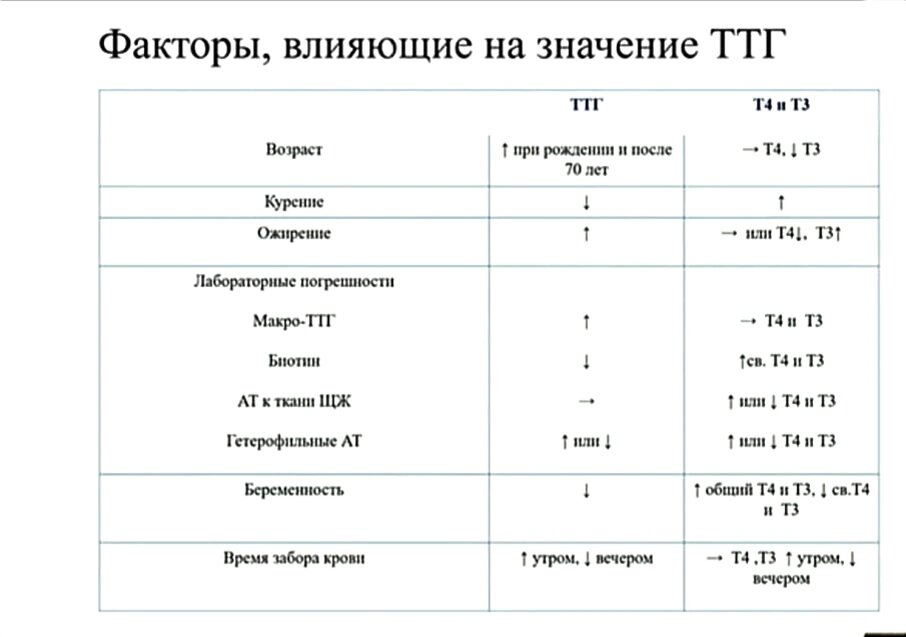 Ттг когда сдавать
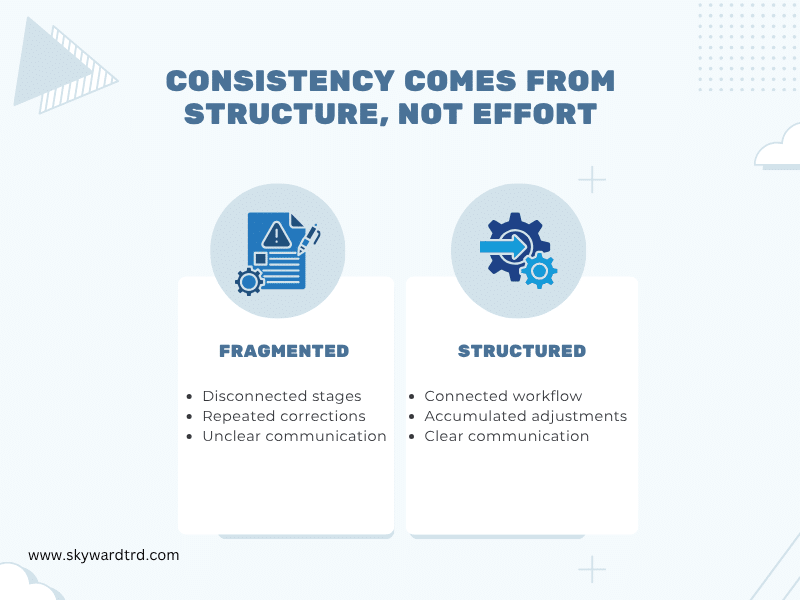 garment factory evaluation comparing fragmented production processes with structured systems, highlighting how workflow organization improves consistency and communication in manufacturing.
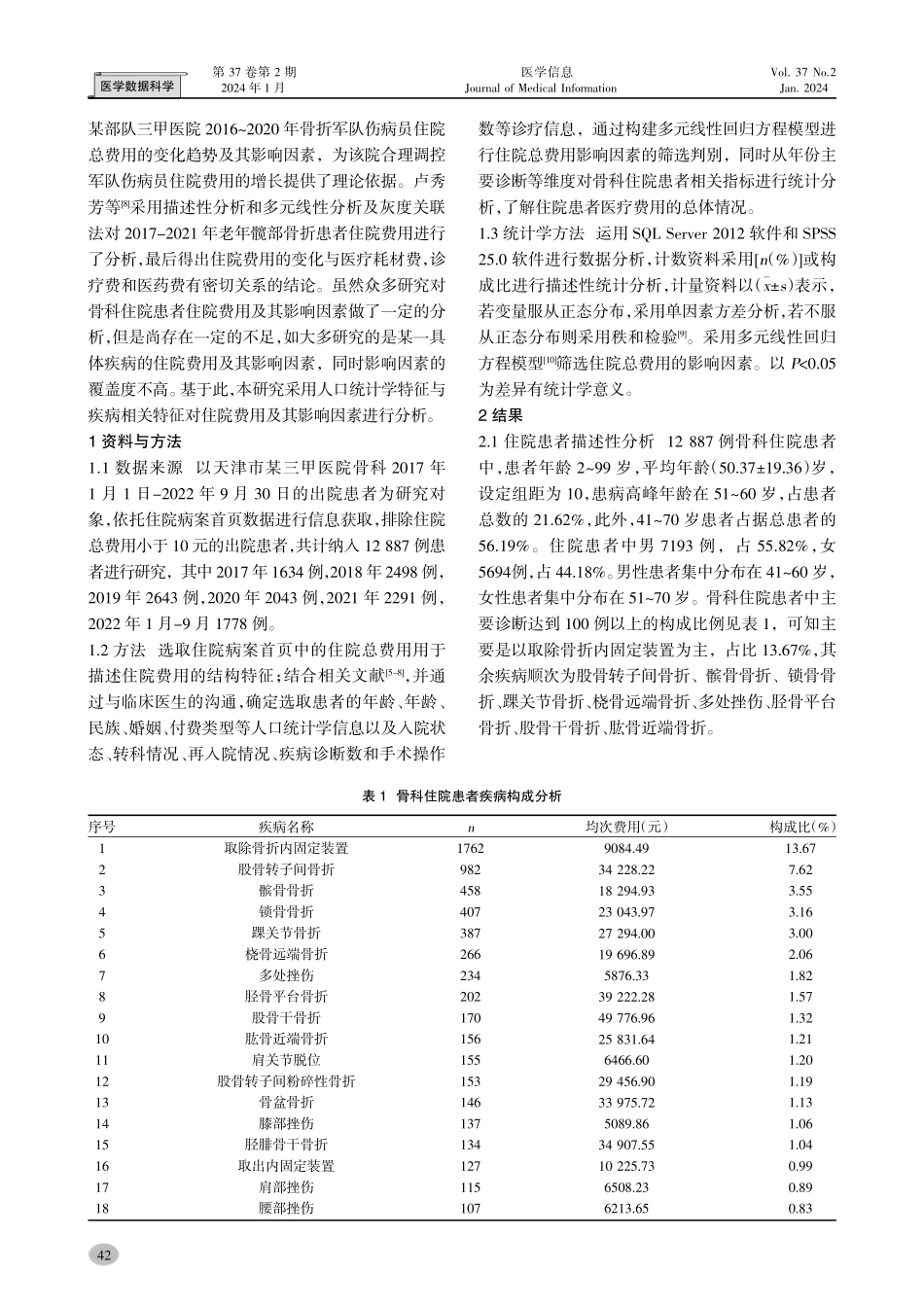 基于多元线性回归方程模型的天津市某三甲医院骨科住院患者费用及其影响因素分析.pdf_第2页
▬▬▬
Aside from its pictures, the listing must be given again in full, exactly as it appears.

FINAL ANSWER.
 Ттг когда сдавать
 garment factory evaluation comparing fragmented production processes with structured systems, highlighting how workflow organization improves consistency and communication in manufacturing.
 基于多元线性回归方程模型的天津市某三甲医院骨科住院患者费用及其影响因素分析.pdf_第2页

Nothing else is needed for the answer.